▸ TASK REQUIREMENTS: Consider the listing below. Extract exactly the lines from the line containing "Canlar Platform sepetli" to the line containing "Smart koncept til", both included.

▸ DATA FOR THE TASK:
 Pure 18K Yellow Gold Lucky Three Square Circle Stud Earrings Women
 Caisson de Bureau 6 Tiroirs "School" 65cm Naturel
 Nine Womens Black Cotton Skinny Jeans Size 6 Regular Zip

==

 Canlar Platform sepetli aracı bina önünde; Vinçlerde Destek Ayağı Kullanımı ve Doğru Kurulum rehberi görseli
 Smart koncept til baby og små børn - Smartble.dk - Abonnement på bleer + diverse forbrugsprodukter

...

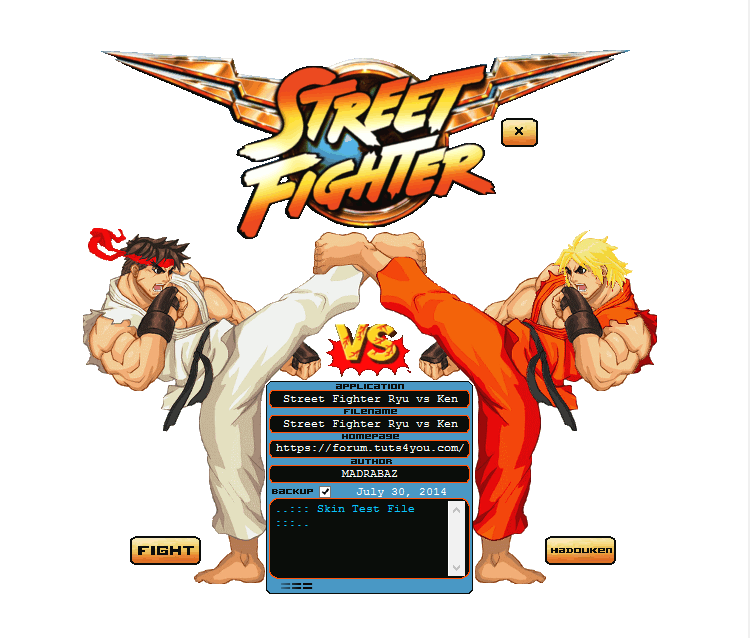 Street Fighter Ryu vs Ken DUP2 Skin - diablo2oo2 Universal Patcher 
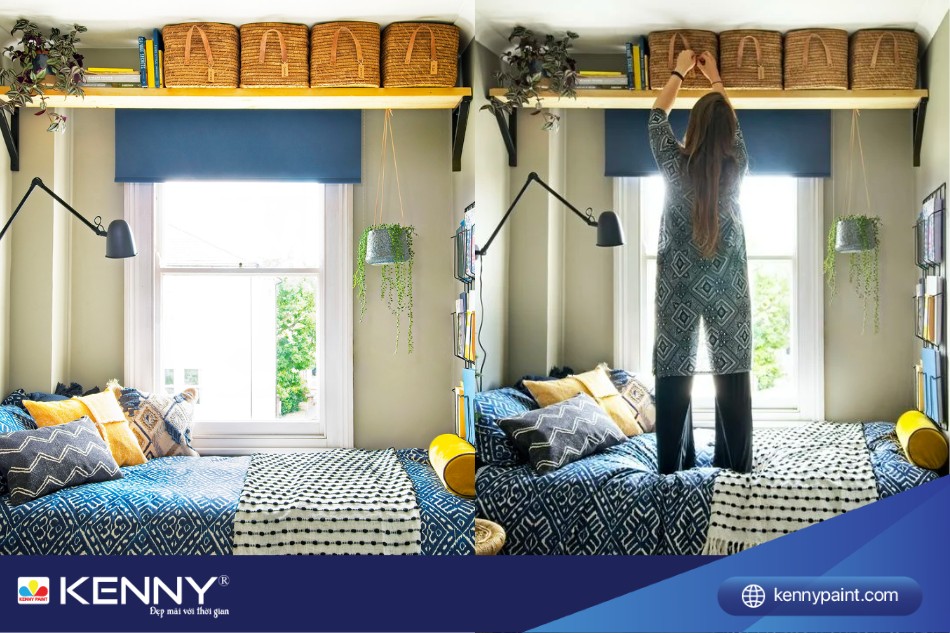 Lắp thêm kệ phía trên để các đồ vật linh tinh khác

▸ ANSWER TO THE EXERCISE:
 Canlar Platform sepetli aracı bina önünde; Vinçlerde Destek Ayağı Kullanımı ve Doğru Kurulum rehberi görseli
 Smart koncept til baby og små børn - Smartble.dk - Abonnement på bleer + diverse forbrugsprodukter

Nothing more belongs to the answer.